Although I am still working out how you can train your own model with objects you have at home, you can visit the experience here.

The Homepage
The process
My first step was to train twelve classes in a machine learning model using Google's Teachable Machine. The result looked like this:
Although not 100% precise, the model distinguished the classes to a high enough percent. Next, I encoded the link to my model in Glitch.com and used a series of IF statements to take the user to a new page once the model recognized a specific class.


Then I created a cohesive experience that progresses you through the story when the model recognizes a class. Each class is intentionally placed to sequentially follow the narration. Here is the Sparknotes version of the experience:
On the first page of the story, Sylvester finds a red magic pebble and wishes it would stop raining. I didn't have a red magic pebble but I improvised using an orange ping pong ball. Readers should hold up the "magic pebble" and say "I wish it would stop raining." This will take you to a sunny page!
On the first page of the story, Sylvester finds a red magic pebble and wishes it would stop raining. I didn't have a red magic pebble but I improvised using an orange ping pong ball.
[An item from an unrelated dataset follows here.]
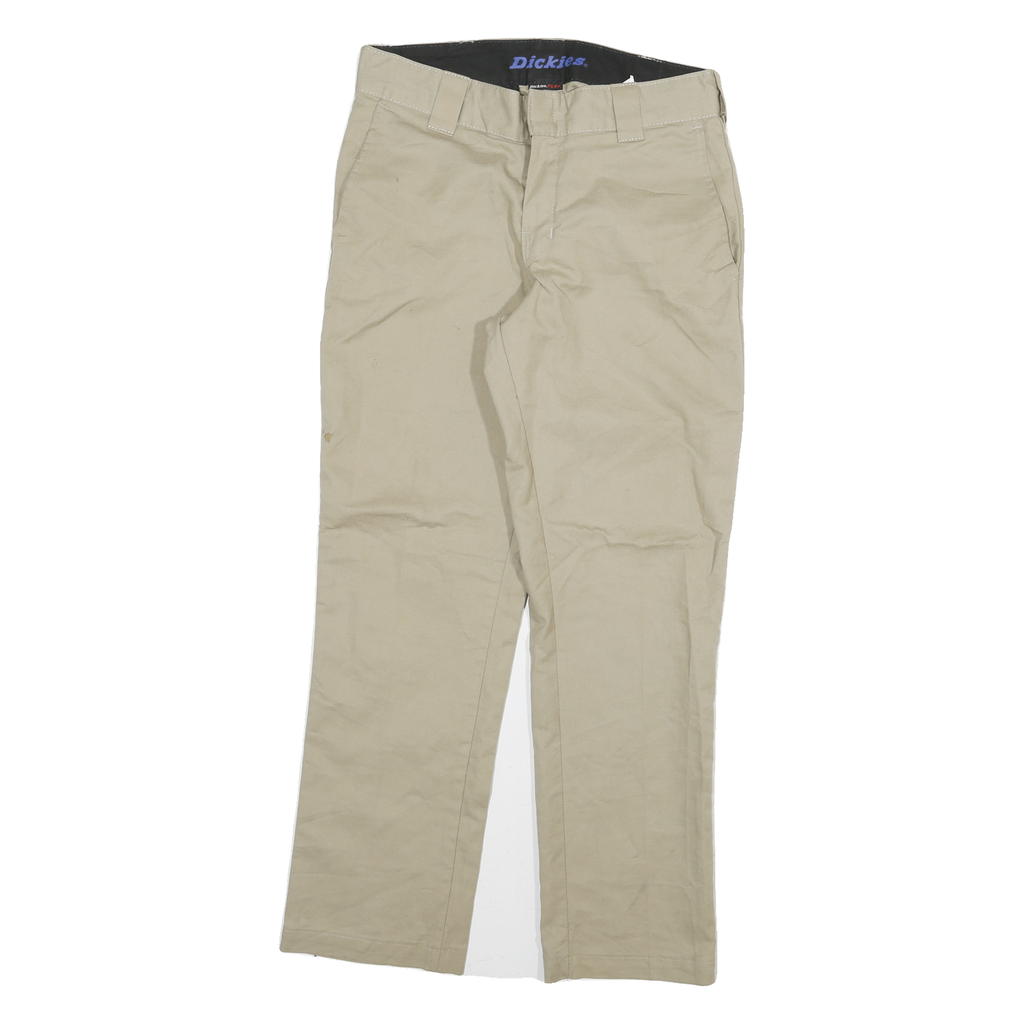 DICKIES Mens Cotton Blend Beige Regular Fit Straight Leg Trousers W30 L28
Readers should hold up the "magic pebble" and say "I wish it would stop raining." This will take you to a sunny page!
As Sylvester is running home to tell his parents about the pebble he runs into a lion. I didn't have a lion stuffed animal but a tiger will do.
Sylvester panics when he sees the lion and wishes he were a rock. After days and weeks go by, his parents send out a search party of dogs to find their son.
As the months go by, Sylvester's parents become hopeless. One day, they have a picnic by Sylvester, who is still a rock. They place the magic pebble on the rock and Sylvester wishes he was back to a donkey. The family is reunited and they can continue on with their lives. To match the sweet ending, the reader is supposed to hold hands with your reading buddy and at the end, there's a special song that plays.
This project demonstrates my desire to craft more than just passive experiences; instead, I want to produce more interactive and meaningful experience for others that combines both the physical and digital worlds.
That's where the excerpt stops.